Omit all pictures. Print the remaining lines exactly, from the start of the data through the line containing "綠米N200智能門鎖，為你全面守護居家安全".

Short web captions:

■ ■ ■ ■ ■ ■ ■

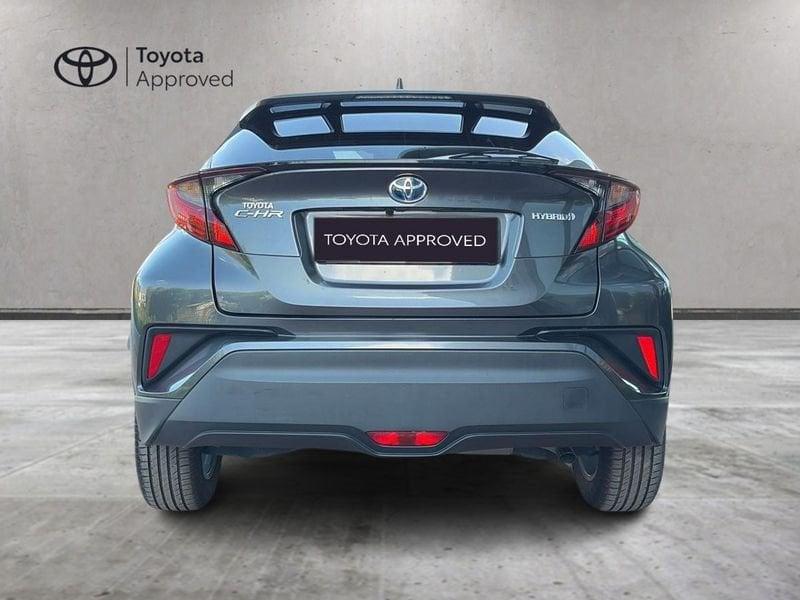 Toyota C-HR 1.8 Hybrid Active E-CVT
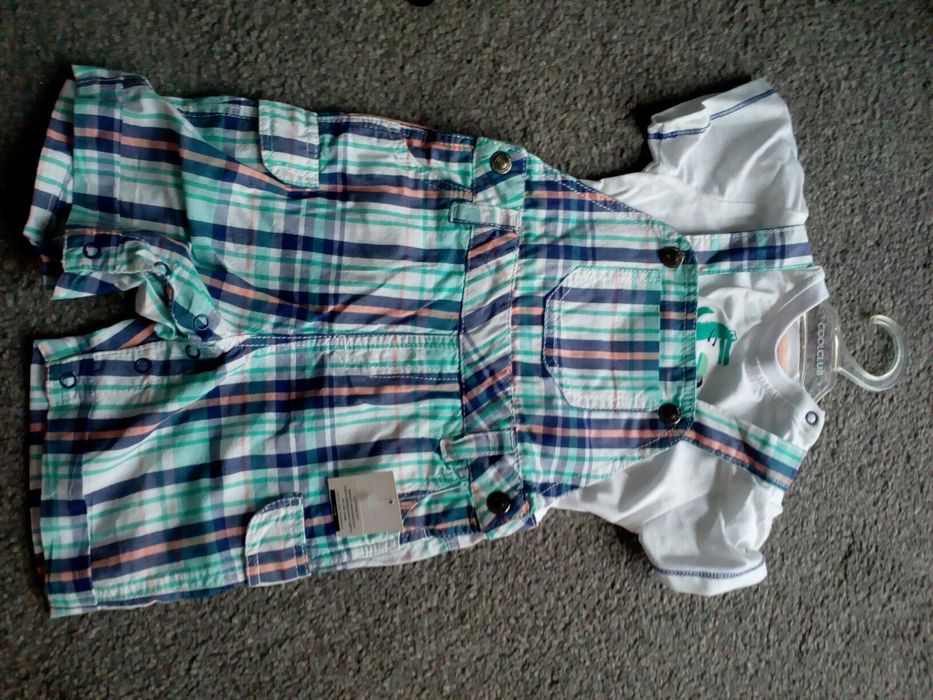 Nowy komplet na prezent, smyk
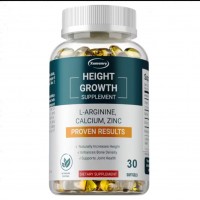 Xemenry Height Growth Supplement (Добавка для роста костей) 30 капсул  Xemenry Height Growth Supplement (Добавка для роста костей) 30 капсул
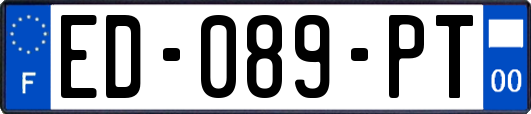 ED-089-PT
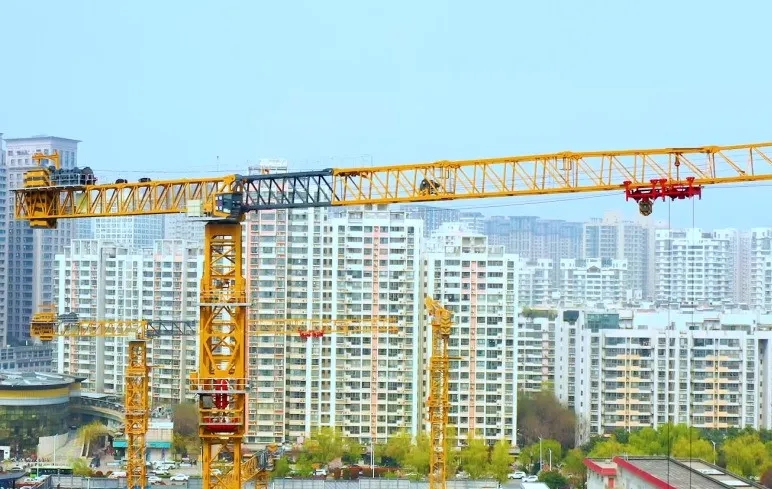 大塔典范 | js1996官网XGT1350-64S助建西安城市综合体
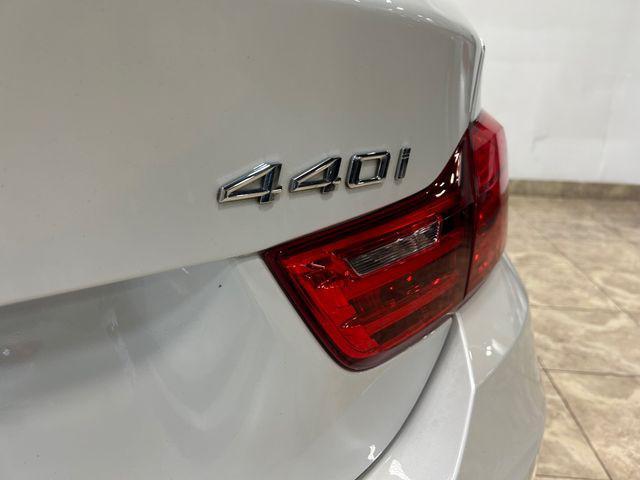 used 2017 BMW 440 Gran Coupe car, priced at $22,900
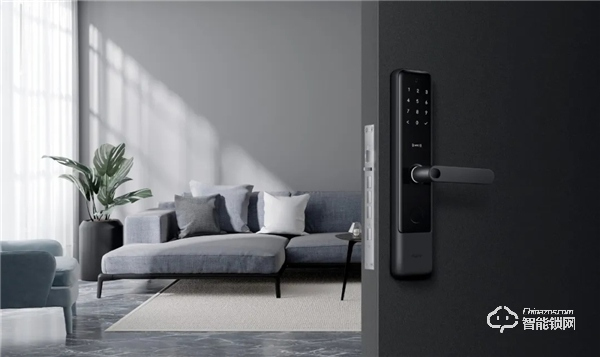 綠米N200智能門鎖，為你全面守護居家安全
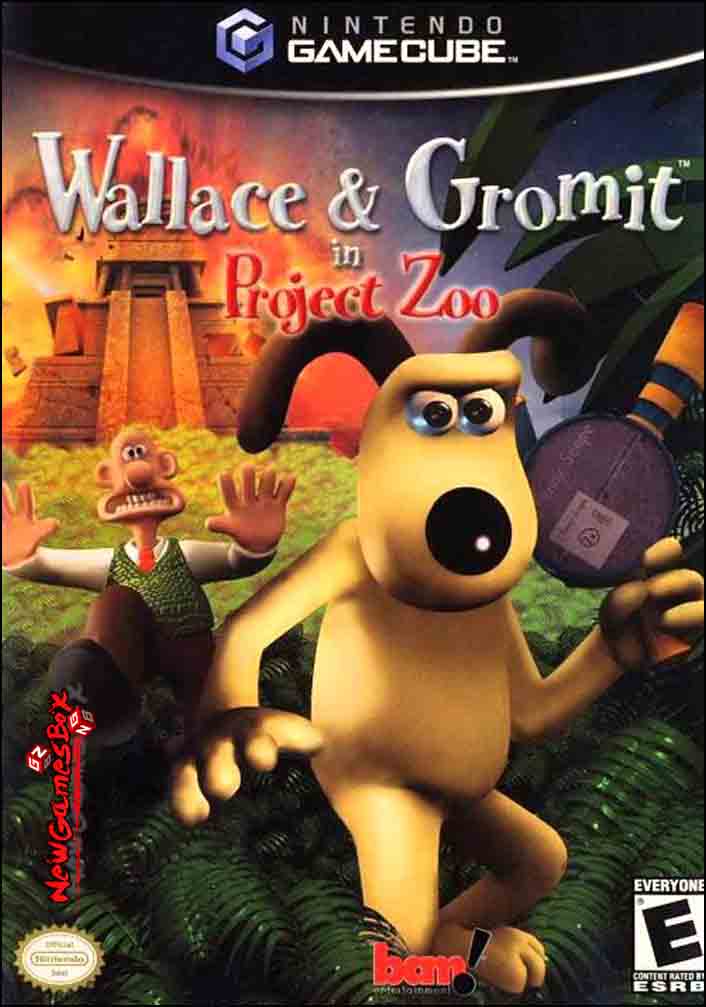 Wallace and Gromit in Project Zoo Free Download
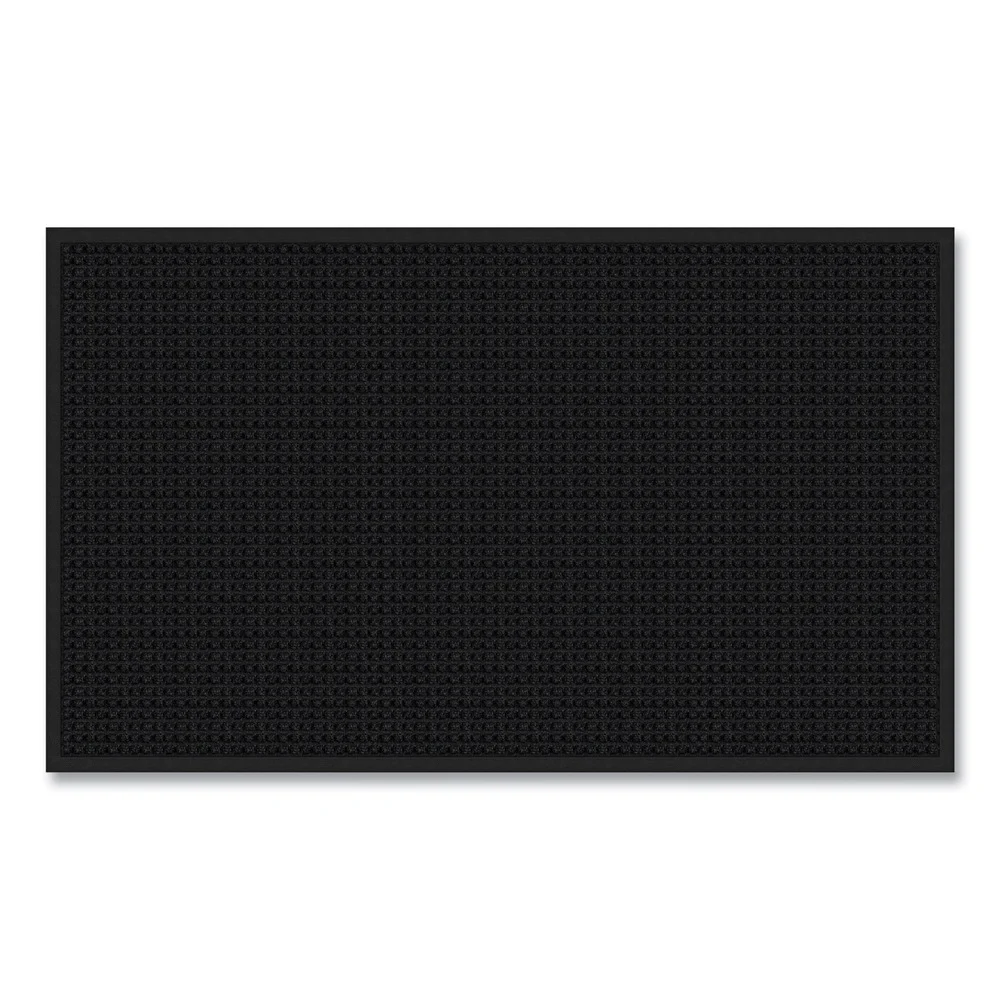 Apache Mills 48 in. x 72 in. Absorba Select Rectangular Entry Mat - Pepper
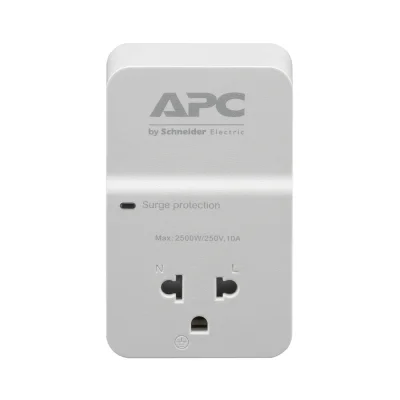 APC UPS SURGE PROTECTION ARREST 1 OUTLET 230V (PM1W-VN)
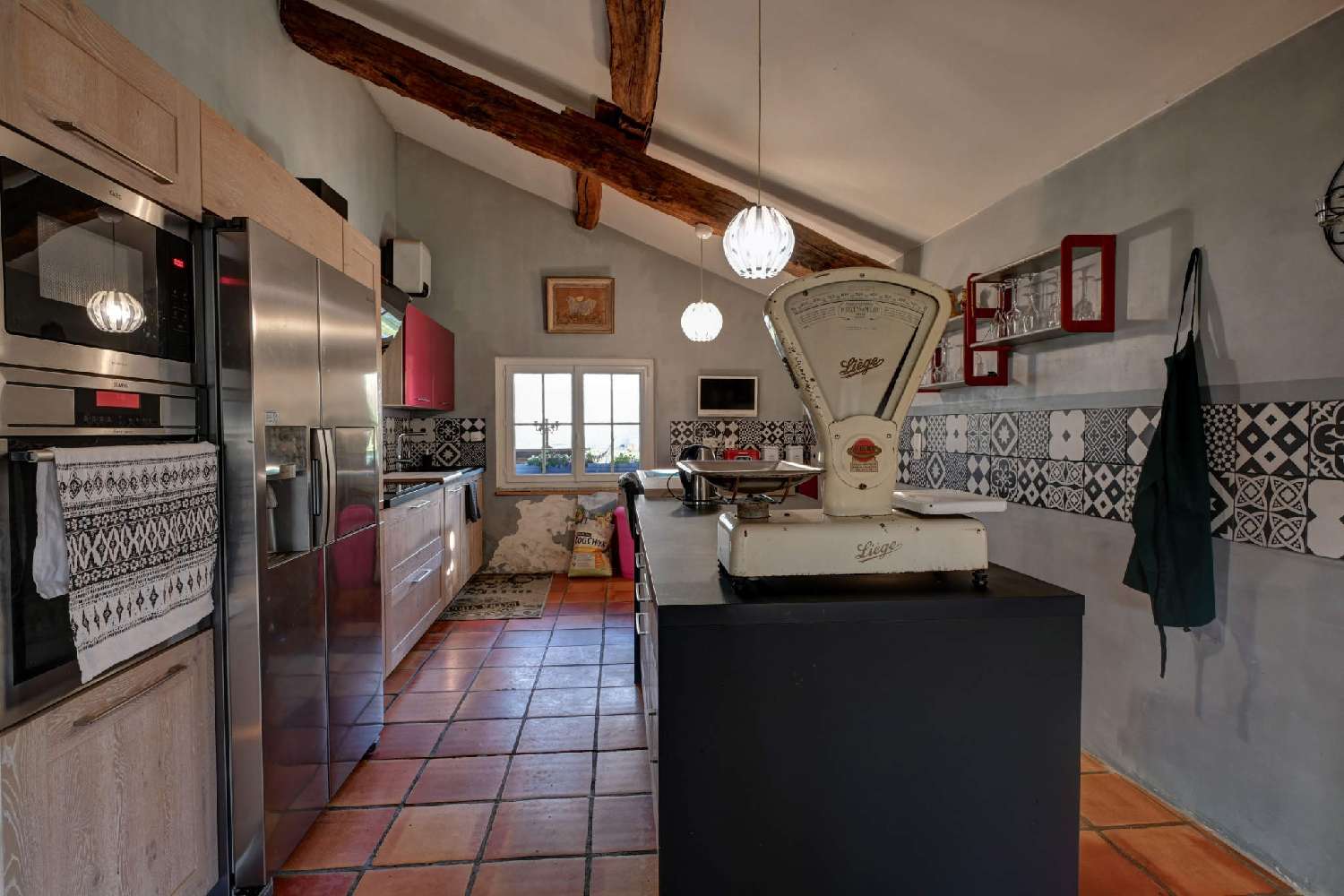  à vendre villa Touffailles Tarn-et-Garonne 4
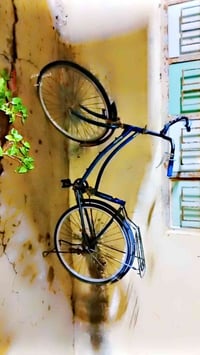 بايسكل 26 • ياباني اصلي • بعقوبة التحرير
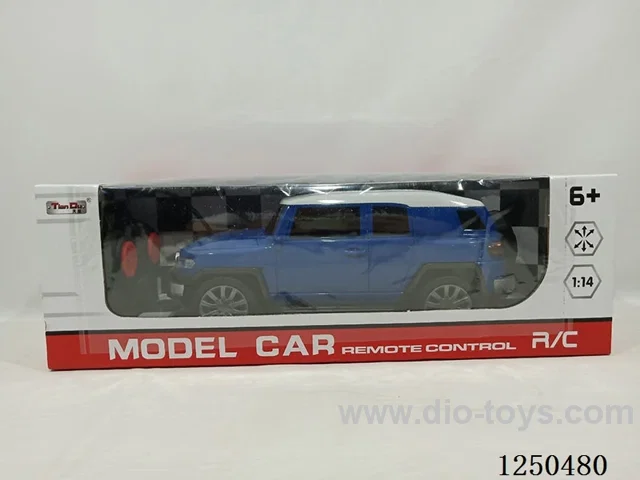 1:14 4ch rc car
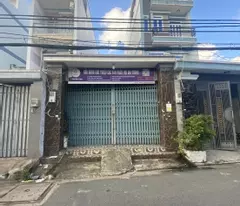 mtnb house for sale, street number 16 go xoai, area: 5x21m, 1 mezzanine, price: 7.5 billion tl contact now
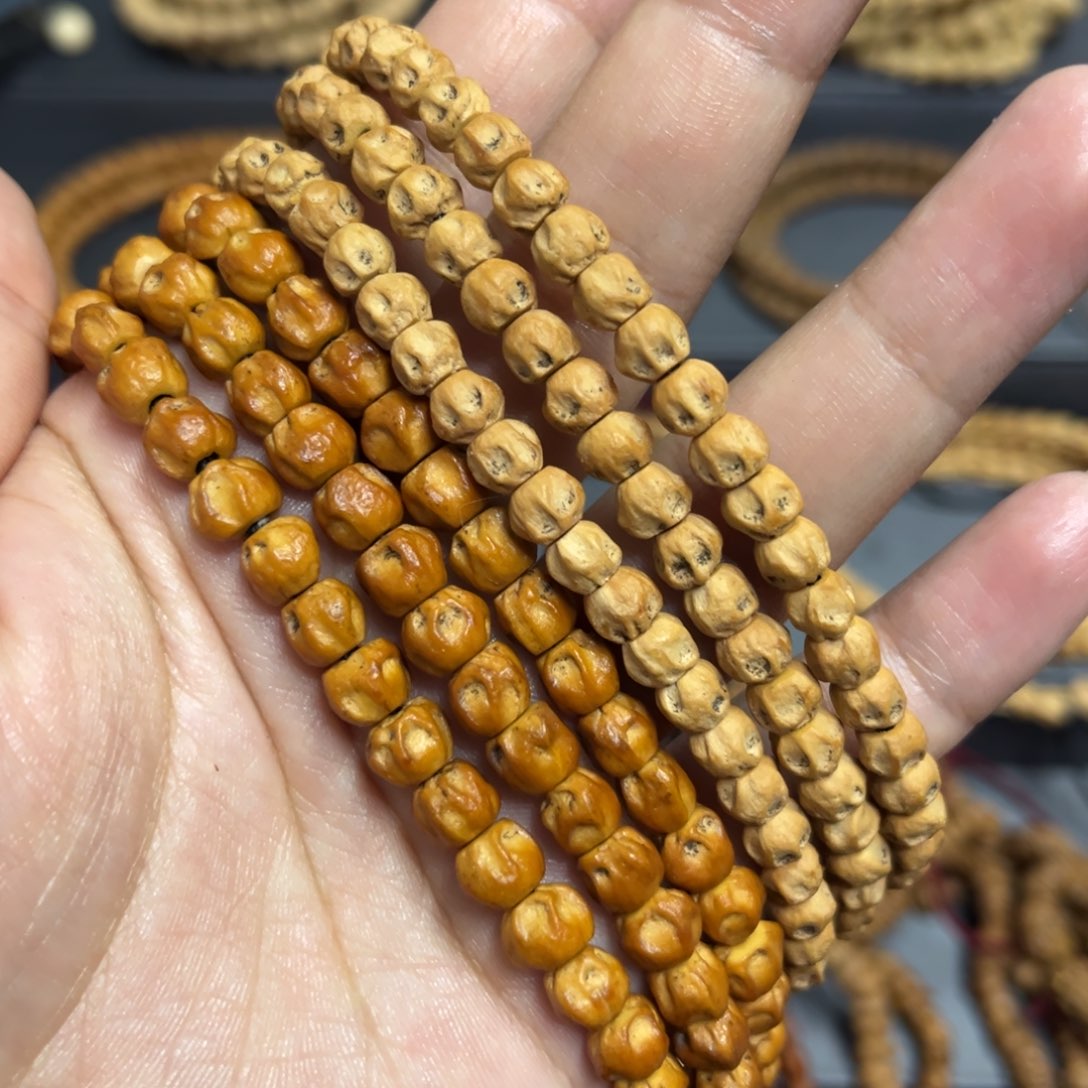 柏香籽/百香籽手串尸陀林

■ ■ ■ ■ ■ ■ ■

[Answer below]
 Toyota C-HR 1.8 Hybrid Active E-CVT
 Nowy komplet na prezent, smyk
 Xemenry Height Growth Supplement (Добавка для роста костей) 30 капсул  Xemenry Height Growth Supplement (Добавка для роста костей) 30 капсул
 ED-089-PT
 大塔典范 | js1996官网XGT1350-64S助建西安城市综合体
 used 2017 BMW 440 Gran Coupe car, priced at $22,900
 綠米N200智能門鎖，為你全面守護居家安全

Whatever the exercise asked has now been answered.